[Web page caption snippets]
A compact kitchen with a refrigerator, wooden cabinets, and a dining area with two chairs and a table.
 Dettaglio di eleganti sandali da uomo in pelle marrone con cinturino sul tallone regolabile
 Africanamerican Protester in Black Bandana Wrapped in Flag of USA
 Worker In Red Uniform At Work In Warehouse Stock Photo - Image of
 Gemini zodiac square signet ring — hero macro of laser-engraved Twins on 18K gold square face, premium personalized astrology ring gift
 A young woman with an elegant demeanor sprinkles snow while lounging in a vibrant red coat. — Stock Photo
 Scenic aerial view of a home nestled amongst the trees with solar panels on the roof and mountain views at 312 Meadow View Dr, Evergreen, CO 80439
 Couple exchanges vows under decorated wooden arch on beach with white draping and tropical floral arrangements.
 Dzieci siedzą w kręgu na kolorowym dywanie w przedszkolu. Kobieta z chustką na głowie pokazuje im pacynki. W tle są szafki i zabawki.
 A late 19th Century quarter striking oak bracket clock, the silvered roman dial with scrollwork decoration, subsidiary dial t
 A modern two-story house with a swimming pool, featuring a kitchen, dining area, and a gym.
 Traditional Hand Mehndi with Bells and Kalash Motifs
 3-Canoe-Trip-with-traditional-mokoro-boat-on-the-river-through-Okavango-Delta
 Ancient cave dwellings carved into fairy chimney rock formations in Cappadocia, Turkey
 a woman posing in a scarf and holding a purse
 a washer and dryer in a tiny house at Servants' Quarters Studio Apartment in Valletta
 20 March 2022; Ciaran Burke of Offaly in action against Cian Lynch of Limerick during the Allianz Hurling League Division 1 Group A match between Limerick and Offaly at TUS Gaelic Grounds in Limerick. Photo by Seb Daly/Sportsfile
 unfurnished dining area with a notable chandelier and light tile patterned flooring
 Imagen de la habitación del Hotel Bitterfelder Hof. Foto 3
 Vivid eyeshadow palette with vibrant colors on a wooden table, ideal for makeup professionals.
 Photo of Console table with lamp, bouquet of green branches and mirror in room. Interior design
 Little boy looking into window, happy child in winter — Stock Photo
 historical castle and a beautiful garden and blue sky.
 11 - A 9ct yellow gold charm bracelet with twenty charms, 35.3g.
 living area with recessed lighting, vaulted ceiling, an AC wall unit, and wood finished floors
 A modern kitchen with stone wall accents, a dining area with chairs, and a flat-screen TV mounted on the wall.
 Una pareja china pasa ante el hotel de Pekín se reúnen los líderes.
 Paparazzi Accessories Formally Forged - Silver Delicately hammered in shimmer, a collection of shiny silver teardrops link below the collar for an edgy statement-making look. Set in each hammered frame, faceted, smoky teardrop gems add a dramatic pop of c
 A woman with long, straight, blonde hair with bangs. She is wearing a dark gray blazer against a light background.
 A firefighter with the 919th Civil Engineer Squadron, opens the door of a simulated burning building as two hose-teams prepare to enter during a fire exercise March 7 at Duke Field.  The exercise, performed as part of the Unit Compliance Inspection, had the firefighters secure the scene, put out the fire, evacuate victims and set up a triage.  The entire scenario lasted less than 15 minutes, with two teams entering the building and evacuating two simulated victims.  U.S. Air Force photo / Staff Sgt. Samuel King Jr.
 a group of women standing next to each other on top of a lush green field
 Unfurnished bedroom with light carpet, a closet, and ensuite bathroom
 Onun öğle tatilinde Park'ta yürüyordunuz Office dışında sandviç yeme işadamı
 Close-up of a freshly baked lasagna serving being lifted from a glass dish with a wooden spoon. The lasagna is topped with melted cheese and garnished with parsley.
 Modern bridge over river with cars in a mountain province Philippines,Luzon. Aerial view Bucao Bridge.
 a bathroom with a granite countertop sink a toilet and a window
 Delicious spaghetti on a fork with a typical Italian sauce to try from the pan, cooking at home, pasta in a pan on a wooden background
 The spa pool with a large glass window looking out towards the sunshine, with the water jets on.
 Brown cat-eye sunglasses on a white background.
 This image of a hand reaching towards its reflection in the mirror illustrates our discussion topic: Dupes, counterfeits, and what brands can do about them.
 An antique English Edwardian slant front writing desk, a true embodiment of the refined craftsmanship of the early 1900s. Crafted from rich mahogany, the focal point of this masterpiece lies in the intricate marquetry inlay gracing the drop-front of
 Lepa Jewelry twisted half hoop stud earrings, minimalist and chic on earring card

| YOUR INSTRUCTIONS |
Return the lines above precisely as they appear, beginning at the first line and ending at the line with "Gemini zodiac square", and nothing after it.

| YOUR RESPONSE |
A compact kitchen with a refrigerator, wooden cabinets, and a dining area with two chairs and a table.
 Dettaglio di eleganti sandali da uomo in pelle marrone con cinturino sul tallone regolabile
 Africanamerican Protester in Black Bandana Wrapped in Flag of USA
 Worker In Red Uniform At Work In Warehouse Stock Photo - Image of
 Gemini zodiac square signet ring — hero macro of laser-engraved Twins on 18K gold square face, premium personalized astrology ring gift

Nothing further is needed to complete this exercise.